In the time between those first two vehicles and the resumption of our drive, we lingered some time more on that road. At that elevation, with no tree cover to either side, the winds picked up their speed and we were buffeted back and forth with such force that it reminded me of the way my car could get pushed around by the winds coming off the Chesapeake whipping over the Hampton Roads Bridge-Tunnel. More than once a gust tore the hat from my bald pate, which provided Sasha with no end in entertainment as she chased after it. While she thus amused herself, I took the opportunity to pull a pair of old binoculars from the Jeep’s forward cabin. The powerful Tasco 7×45 put the mottled green of distant leafy foliage into clear focus, allowing me to watch as a small hawk lighted from the top of a tree some thousand or so yards to our east. It crossed over us and the state line into West Virginia, eventually disappearing amid the green and browns of the forested hills to our west.

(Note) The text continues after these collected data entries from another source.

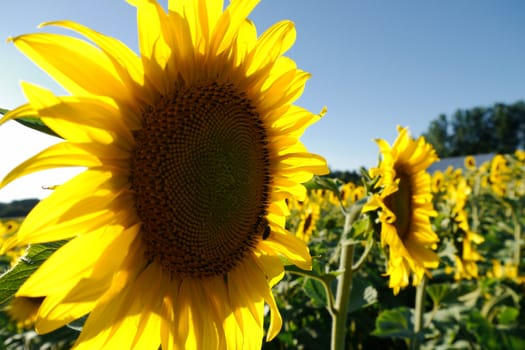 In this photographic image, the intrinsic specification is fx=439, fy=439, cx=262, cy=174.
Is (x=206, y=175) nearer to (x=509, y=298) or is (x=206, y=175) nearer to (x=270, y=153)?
(x=270, y=153)

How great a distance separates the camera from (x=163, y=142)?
1.38 m

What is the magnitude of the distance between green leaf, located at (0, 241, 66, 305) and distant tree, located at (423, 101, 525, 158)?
264 feet

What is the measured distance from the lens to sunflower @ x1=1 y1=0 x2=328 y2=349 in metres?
1.04

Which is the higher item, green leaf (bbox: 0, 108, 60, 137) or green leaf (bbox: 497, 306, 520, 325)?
green leaf (bbox: 0, 108, 60, 137)

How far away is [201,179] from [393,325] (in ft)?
11.5

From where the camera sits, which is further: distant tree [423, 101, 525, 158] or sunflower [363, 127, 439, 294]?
distant tree [423, 101, 525, 158]

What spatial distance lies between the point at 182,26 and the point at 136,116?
30 centimetres

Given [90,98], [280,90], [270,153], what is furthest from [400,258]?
[90,98]

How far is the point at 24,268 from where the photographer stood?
3.29ft

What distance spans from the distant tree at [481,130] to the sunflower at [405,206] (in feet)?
255

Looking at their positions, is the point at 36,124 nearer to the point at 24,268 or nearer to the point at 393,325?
the point at 24,268

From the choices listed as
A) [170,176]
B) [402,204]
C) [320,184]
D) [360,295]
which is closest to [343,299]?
[360,295]

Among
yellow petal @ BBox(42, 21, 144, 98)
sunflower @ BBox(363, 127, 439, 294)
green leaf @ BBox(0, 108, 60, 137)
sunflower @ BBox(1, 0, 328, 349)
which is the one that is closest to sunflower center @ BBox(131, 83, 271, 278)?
sunflower @ BBox(1, 0, 328, 349)

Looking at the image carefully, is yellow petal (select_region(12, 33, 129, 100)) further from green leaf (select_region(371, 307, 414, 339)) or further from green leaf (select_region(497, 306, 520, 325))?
green leaf (select_region(497, 306, 520, 325)) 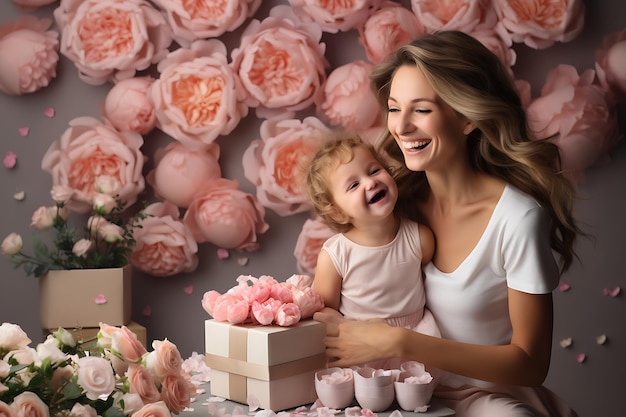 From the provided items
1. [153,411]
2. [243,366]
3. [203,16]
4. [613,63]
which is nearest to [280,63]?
[203,16]

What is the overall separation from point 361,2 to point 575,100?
2.19 ft

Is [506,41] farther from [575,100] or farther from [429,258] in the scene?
[429,258]

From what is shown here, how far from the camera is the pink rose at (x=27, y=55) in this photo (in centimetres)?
237

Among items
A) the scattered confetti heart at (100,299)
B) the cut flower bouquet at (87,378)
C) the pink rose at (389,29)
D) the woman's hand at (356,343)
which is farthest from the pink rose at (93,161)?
the cut flower bouquet at (87,378)

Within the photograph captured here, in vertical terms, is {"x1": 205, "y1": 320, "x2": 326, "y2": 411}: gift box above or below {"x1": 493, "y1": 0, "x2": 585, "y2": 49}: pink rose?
below

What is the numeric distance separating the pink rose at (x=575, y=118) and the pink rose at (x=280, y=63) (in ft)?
2.11

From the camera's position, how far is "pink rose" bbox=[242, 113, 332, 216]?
2.39m

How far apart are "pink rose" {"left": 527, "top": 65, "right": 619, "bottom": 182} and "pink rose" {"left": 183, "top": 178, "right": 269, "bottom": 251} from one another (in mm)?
851

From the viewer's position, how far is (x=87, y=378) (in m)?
1.19

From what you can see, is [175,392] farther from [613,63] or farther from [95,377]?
[613,63]

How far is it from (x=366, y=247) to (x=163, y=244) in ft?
2.80

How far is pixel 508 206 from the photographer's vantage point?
1783 millimetres

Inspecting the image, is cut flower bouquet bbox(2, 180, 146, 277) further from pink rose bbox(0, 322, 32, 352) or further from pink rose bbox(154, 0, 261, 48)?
pink rose bbox(0, 322, 32, 352)

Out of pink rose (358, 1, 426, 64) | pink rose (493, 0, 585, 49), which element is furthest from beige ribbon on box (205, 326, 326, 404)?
pink rose (493, 0, 585, 49) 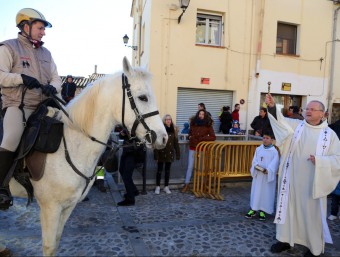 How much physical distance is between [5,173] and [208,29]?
34.3 feet

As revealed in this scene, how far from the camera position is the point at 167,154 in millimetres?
6848

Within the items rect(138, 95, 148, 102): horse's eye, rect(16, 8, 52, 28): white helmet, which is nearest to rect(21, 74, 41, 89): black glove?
rect(16, 8, 52, 28): white helmet

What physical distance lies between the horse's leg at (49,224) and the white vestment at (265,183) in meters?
3.85

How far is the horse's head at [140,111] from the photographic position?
2.69 meters

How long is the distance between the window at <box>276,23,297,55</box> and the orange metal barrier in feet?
23.4

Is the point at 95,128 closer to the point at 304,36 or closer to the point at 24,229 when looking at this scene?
the point at 24,229

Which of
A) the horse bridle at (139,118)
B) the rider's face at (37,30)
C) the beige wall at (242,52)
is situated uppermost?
the beige wall at (242,52)

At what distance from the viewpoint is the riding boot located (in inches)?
110

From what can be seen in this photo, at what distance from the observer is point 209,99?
1180 centimetres

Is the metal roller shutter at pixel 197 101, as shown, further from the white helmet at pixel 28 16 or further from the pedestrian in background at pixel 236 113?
the white helmet at pixel 28 16

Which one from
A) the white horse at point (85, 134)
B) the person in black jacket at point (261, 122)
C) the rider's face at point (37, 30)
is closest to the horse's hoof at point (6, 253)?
the white horse at point (85, 134)

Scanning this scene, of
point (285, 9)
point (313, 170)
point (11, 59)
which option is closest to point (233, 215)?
point (313, 170)

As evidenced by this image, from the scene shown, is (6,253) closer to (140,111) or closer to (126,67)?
(140,111)

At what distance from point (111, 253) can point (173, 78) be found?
811 centimetres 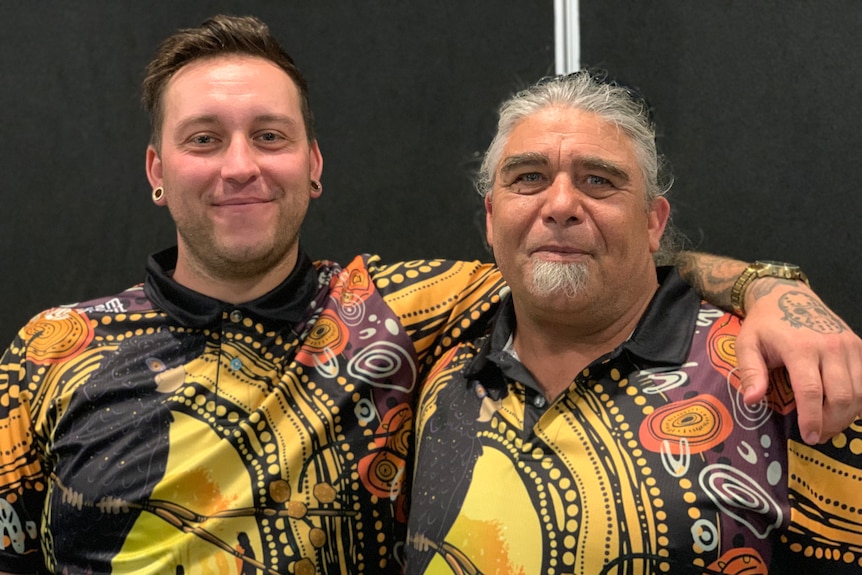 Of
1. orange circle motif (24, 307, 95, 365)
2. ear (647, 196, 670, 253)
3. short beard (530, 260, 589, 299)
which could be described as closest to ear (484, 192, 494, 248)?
short beard (530, 260, 589, 299)

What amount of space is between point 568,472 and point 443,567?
28cm

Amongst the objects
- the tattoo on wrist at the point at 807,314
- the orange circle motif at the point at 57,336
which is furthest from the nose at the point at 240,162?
the tattoo on wrist at the point at 807,314

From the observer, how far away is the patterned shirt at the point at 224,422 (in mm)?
1566

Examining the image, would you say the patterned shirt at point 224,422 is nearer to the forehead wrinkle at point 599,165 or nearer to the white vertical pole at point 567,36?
the forehead wrinkle at point 599,165

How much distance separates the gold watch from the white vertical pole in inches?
33.5

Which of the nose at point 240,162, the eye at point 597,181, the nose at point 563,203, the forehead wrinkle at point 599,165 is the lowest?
the nose at point 563,203

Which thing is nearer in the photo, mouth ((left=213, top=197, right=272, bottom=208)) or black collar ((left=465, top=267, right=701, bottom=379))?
black collar ((left=465, top=267, right=701, bottom=379))

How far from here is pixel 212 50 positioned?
1.83 meters

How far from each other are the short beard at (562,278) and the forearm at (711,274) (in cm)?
31

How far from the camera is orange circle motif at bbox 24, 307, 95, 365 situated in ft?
5.71

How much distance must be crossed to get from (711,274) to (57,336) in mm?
1403

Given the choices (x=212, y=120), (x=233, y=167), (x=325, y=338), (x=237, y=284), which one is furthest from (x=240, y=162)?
(x=325, y=338)

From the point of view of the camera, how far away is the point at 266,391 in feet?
5.47

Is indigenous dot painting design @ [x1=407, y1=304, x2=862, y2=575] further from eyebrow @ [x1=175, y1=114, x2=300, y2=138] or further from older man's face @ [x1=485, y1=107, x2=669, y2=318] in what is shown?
eyebrow @ [x1=175, y1=114, x2=300, y2=138] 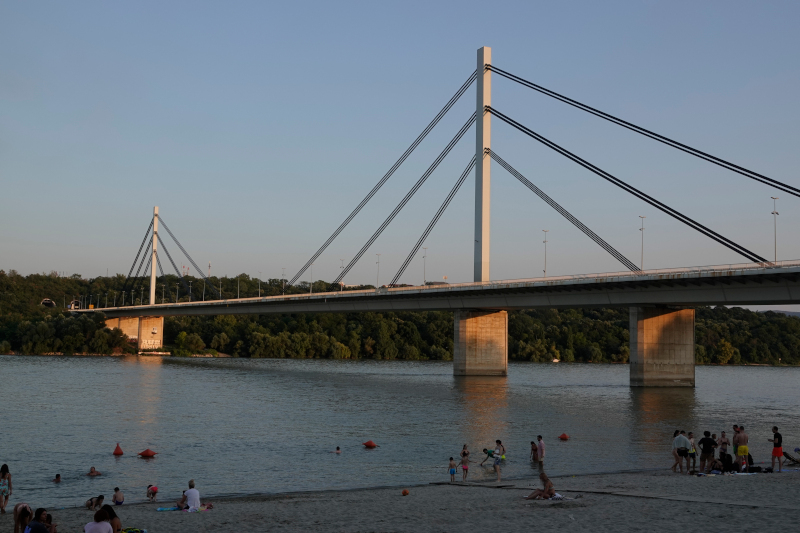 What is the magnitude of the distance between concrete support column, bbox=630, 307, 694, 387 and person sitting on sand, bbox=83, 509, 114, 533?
57.7 meters

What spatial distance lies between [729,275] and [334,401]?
2904 cm

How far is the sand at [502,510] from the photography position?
16734 mm

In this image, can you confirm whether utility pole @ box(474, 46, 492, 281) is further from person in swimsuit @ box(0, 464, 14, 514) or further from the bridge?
person in swimsuit @ box(0, 464, 14, 514)

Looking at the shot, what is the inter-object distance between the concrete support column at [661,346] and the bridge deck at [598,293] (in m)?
3.49

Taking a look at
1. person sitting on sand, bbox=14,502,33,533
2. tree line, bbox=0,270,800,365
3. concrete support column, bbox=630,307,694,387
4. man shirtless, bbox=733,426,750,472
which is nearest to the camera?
person sitting on sand, bbox=14,502,33,533


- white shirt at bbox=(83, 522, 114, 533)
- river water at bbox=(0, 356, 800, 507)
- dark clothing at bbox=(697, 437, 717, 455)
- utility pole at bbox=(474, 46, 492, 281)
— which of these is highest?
utility pole at bbox=(474, 46, 492, 281)

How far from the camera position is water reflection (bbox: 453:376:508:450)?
37791mm

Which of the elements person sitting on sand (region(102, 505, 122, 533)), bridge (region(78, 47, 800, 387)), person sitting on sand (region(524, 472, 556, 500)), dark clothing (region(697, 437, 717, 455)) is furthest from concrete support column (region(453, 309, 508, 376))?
person sitting on sand (region(102, 505, 122, 533))

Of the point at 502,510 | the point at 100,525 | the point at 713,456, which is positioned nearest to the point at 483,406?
the point at 713,456

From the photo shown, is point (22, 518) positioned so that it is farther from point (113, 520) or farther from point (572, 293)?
point (572, 293)

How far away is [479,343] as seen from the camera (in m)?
82.1

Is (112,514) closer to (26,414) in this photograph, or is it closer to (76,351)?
(26,414)

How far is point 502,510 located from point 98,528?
9.50 meters

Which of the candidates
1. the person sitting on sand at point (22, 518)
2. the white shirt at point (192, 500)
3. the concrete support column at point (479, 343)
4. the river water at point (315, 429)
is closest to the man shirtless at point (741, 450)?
the river water at point (315, 429) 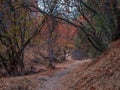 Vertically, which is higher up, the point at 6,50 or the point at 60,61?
the point at 6,50

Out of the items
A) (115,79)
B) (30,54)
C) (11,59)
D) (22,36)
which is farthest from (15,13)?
(30,54)

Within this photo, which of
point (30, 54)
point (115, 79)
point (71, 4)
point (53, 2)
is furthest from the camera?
point (30, 54)

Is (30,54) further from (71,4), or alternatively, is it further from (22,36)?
(71,4)

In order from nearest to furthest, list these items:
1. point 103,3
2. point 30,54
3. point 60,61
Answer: point 103,3
point 30,54
point 60,61

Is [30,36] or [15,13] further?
[30,36]

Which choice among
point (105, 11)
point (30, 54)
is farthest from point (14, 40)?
point (30, 54)

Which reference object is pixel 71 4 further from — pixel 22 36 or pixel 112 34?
pixel 22 36

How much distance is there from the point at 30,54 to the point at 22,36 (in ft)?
61.7

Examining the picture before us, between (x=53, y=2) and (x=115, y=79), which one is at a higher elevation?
(x=53, y=2)

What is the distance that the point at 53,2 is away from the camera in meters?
21.8

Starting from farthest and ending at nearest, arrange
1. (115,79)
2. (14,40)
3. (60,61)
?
(60,61) → (14,40) → (115,79)

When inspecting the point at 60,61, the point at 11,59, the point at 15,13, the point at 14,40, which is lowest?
the point at 60,61

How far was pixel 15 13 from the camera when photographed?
71.8 feet

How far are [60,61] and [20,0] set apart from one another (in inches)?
1208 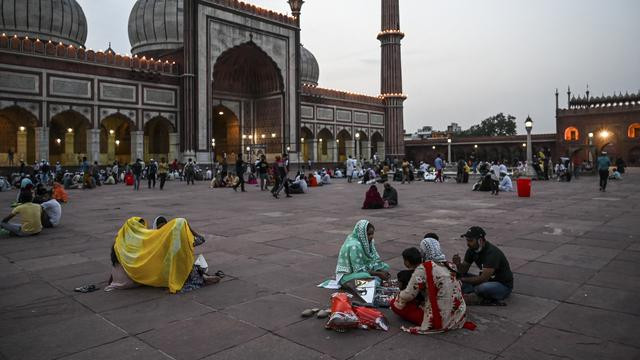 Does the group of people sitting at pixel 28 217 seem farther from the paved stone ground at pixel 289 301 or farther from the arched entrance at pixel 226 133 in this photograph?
the arched entrance at pixel 226 133

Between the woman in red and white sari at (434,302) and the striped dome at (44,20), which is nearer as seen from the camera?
the woman in red and white sari at (434,302)

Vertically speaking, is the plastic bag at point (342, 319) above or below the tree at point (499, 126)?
below

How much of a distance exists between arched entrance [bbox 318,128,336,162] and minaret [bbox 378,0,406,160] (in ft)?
20.8

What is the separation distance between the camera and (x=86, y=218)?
963 cm

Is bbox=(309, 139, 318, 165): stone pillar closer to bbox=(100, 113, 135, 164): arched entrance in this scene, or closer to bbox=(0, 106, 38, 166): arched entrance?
bbox=(100, 113, 135, 164): arched entrance

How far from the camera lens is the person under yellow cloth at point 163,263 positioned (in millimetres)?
4398

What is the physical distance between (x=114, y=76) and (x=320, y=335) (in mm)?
28424

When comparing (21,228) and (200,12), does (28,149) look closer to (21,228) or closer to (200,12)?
(200,12)

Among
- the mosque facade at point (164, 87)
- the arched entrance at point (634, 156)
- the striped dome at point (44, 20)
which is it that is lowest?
the arched entrance at point (634, 156)

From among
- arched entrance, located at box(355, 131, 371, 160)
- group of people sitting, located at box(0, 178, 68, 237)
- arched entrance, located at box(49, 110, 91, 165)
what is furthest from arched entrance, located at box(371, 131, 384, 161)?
group of people sitting, located at box(0, 178, 68, 237)

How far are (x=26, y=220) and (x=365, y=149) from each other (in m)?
39.7

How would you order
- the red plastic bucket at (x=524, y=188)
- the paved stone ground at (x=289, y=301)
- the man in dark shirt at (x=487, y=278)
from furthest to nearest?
the red plastic bucket at (x=524, y=188) → the man in dark shirt at (x=487, y=278) → the paved stone ground at (x=289, y=301)

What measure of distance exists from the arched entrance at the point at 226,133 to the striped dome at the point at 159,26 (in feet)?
20.5

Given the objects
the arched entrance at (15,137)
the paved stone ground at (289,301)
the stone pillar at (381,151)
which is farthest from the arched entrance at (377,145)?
the paved stone ground at (289,301) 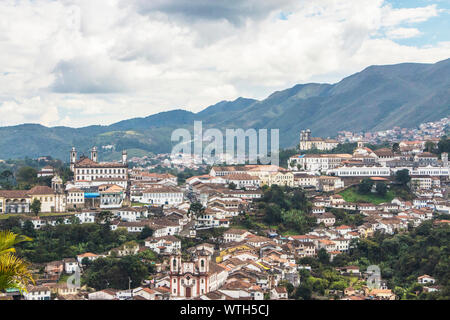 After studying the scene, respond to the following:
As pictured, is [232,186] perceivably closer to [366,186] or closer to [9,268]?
[366,186]

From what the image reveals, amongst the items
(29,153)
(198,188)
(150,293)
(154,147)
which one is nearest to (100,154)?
(154,147)

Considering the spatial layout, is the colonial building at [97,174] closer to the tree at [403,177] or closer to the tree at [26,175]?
the tree at [26,175]

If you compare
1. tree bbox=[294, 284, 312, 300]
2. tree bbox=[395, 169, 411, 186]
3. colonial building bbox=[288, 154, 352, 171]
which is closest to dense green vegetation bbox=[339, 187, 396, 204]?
tree bbox=[395, 169, 411, 186]

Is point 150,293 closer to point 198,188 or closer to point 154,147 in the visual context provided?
point 198,188

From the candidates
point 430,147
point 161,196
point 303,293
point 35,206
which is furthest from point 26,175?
point 430,147

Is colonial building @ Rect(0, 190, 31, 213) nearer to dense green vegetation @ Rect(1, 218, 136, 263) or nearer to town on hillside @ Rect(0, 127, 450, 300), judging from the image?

In the valley below, white gleaming forms caught my eye, and shifting the gaze of the binoculars I saw a large satellite dish—the sort one usually sees outside of Verizon or Comcast buildings. It looked like some kind of television studio or radio station, with a variety of smaller satellite dishes positioned across what looked from above like a small, open clearing, but is in fact the summit of a small hill. There were other large dishes I saw, some in that same clearing and others among the trees to the north of that primary cluster, with land cleared all around them clearly intended to reduce line-of-sight interference. I noted that despite being a transmission station, none of the dishes for some reason were oriented skyward to orbiting satellites—rather, they were directed in a seemingly random variety of directions. Only the larger ones showed any degree of uniformity in their eastward orientation.
One of the dishes positioned to the north caught my attention because of its unusual construction. It alone among the orchard of parabolic satellites was the only one not composed of a solid dish antenna. It looked instead like a sort of cage—the dome of an aviary turned on its side—in essence a satellite dish made of struts: a radio telescope.
I blinked at the realization. Telescopes of any kind are rarely also transmitters; they are instead observers, gatherers of information, interceptors of data. I had seen that sort of satellite dish before as a child, living on Navy bases. What I was looking down on was a Naval submarine communications antenna, one designed not to communicate with anything, but to listen in on ultra-low (ULF) and extremely-low frequency (ELF) transmissions passing through miles of seawater.
And all at once I knew what I was seeing. I had known that the base was near where we would be traveling, but I had not realized just how close we were to it. From where I stood with my binoculars, it was a mere ten miles to the largest cluster of satellite dishes, perhaps another mile to the radio telescope. The facility was not a transmission station at all, and like the radio telescope’s use in intercepting communications, the other towers were telescopes of their own, ones designed for over-the-air communications. These were allegedly devoted to exclusively intercepting voice, radio, cell phone, and satellite communications entering the Eastern United States, but documents revealed to the American public by a former intelligence officer in 2013 show the facility’s role in the collection of communications within the United States.